━━ Extracted data ━━
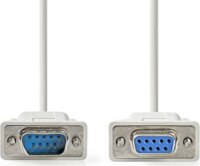 Nedis CCGL52010IV20 D-SUB 9 pin - D-SUB 9 Kábel 2m - Fehér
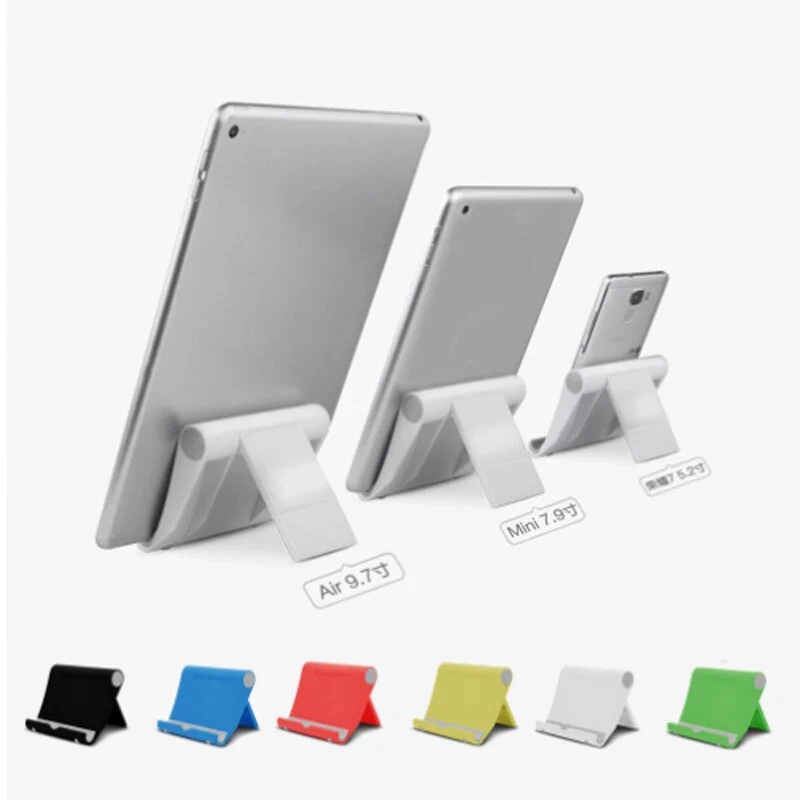 2 Pack Universal Foldable Desk Cell Phone Holder Mount Stand for Samsung iPhone - Image 4 of 4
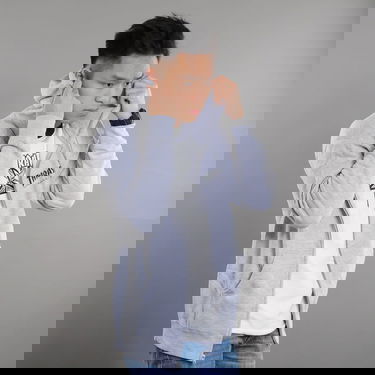 Dukserice Thrasher Magazine Logo Zip Hoody Siva | 114123, 0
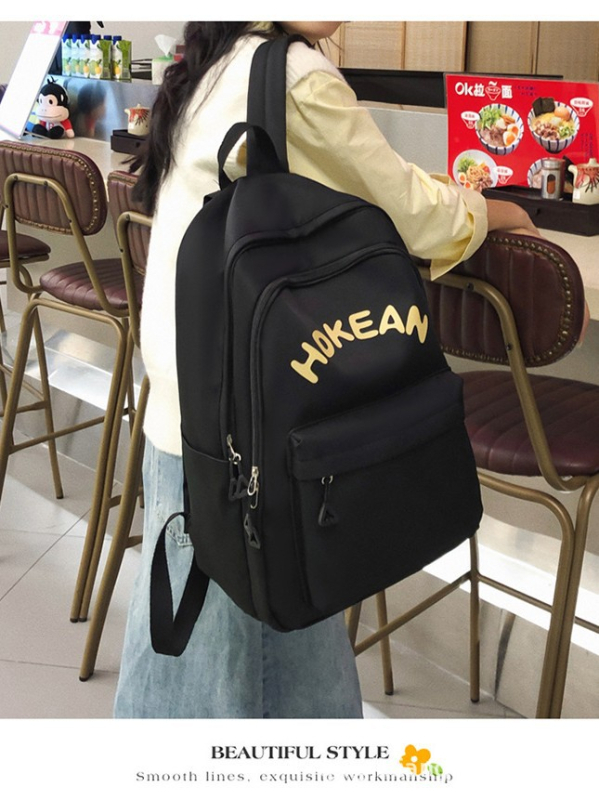 Unisex ruksak u japanskom stilu – Oxford tkanina, kapacitet 20–35 L, kompatibilan s 14-inčnim prijenosnikom, lagan, naramenice s zračnim jastukom, poliester podstava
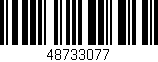 Código de barras (EAN, GTIN, SKU, ISBN): '48733077'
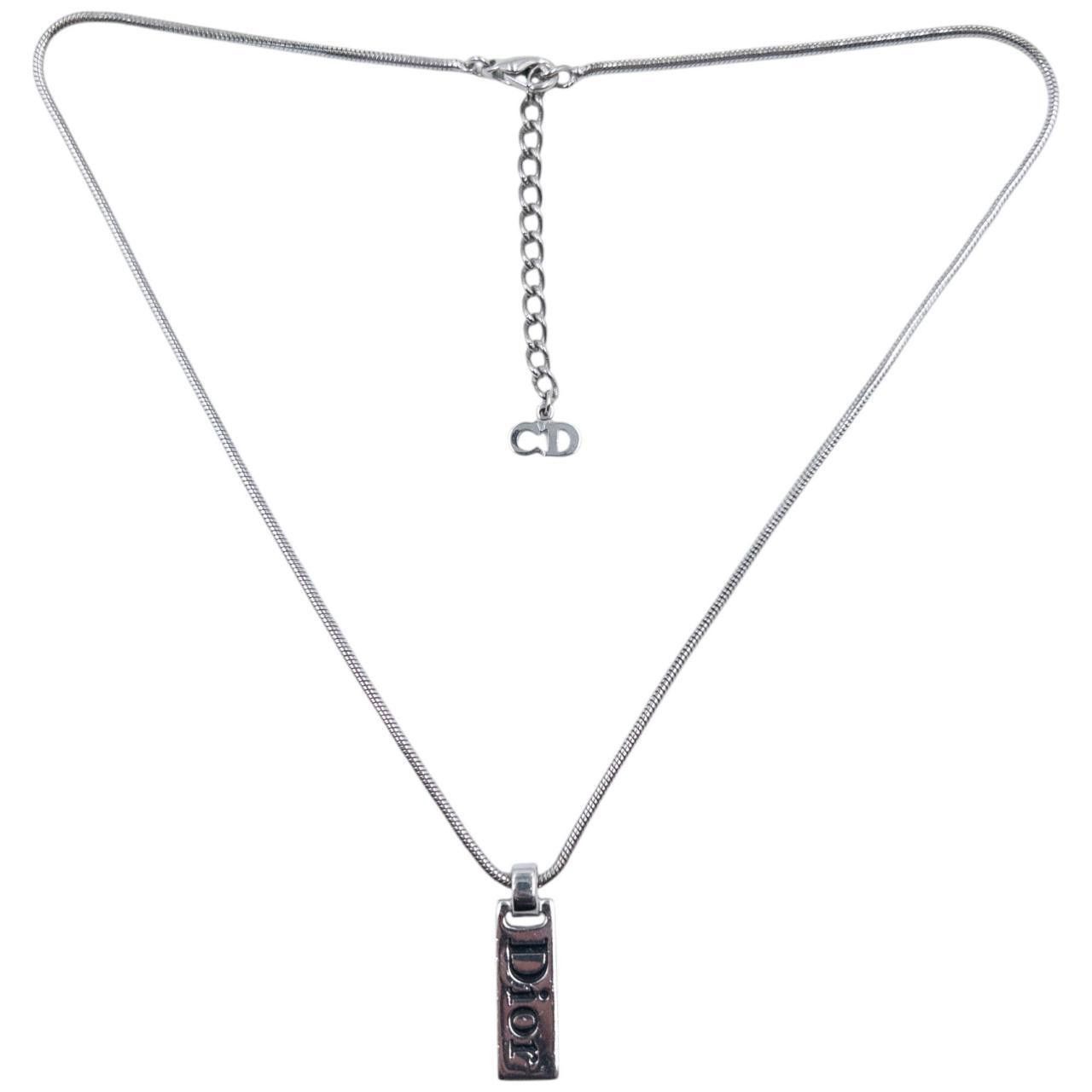 Dior Vintage Dior Silver Pendant Necklace Size ONE SIZE - 2 Thumbnail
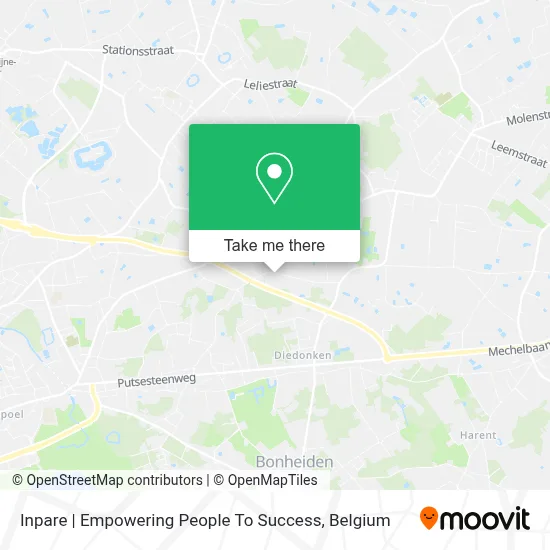 Inpare | Empowering People To Success map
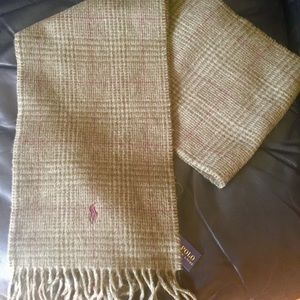 Polo Ralph Lauren Tweed Scarf ⛅️💨🌧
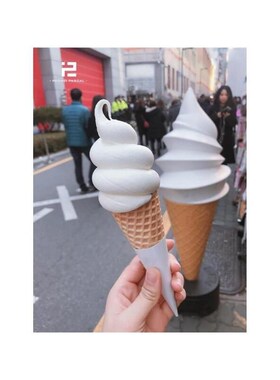 厂家真冰淇淋模型冷饮店引流雪糕摆件I奶茶店发光灯箱招牌拍照冰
━━━
[Your instructions] Repeat the records above verbatim, with no pictures in the result.

[Answer area]
 Nedis CCGL52010IV20 D-SUB 9 pin - D-SUB 9 Kábel 2m - Fehér
 2 Pack Universal Foldable Desk Cell Phone Holder Mount Stand for Samsung iPhone - Image 4 of 4
 Dukserice Thrasher Magazine Logo Zip Hoody Siva | 114123, 0
 Unisex ruksak u japanskom stilu – Oxford tkanina, kapacitet 20–35 L, kompatibilan s 14-inčnim prijenosnikom, lagan, naramenice s zračnim jastukom, poliester podstava
 Código de barras (EAN, GTIN, SKU, ISBN): '48733077'
 Dior Vintage Dior Silver Pendant Necklace Size ONE SIZE - 2 Thumbnail
 Inpare | Empowering People To Success map
 Polo Ralph Lauren Tweed Scarf ⛅️💨🌧
 厂家真冰淇淋模型冷饮店引流雪糕摆件I奶茶店发光灯箱招牌拍照冰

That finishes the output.